Starting at the line where "- search stock" occurs, reproduce each line through the end of the entries below exactly. Omit every picture.

[Short text fragments from websites]
++++++++
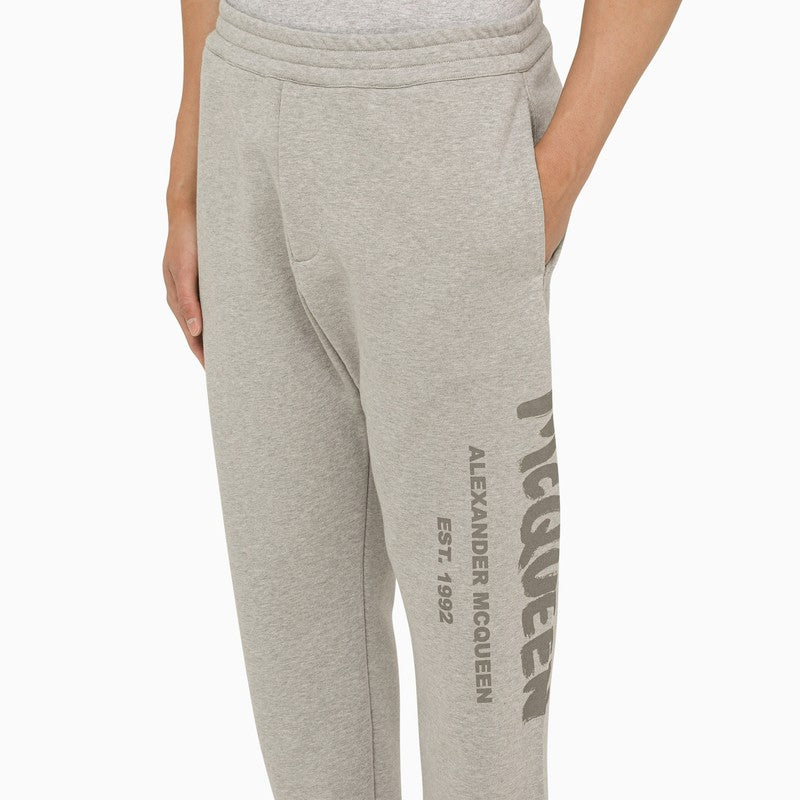 Grey jogging trousers with logo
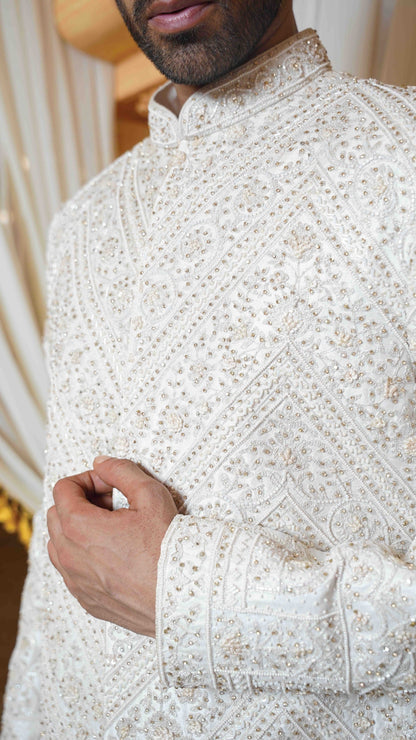 Close-up of a person wearing a white embroidered traditional outfit.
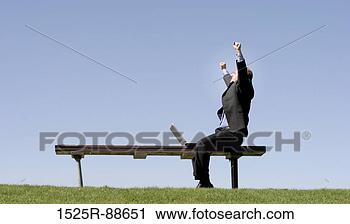 Stock Photography - businessman is 
waving his hands 
in celebration 
as he sits on 
a park. fotosearch 
- search stock 
photos, pictures, 
images, and photo 
clipart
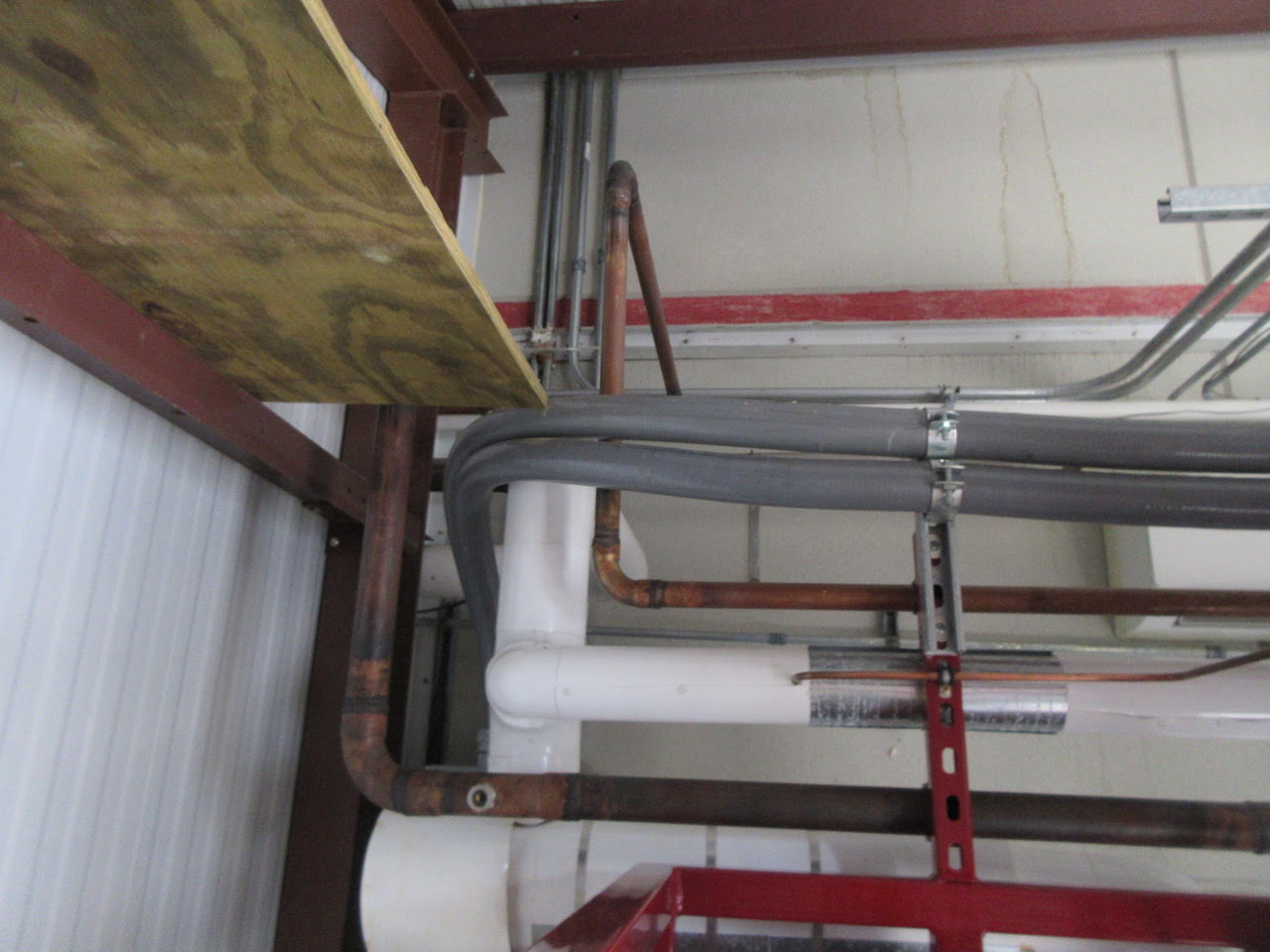 Exposed plumbing in a basement: copper and PVC pipes run along the ceiling with a wooden board and red metal support beam nearby.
++++++++
EXERCISE SOLUTION –
- search stock 
photos, pictures, 
images, and photo 
clipart
 Exposed plumbing in a basement: copper and PVC pipes run along the ceiling with a wooden board and red metal support beam nearby.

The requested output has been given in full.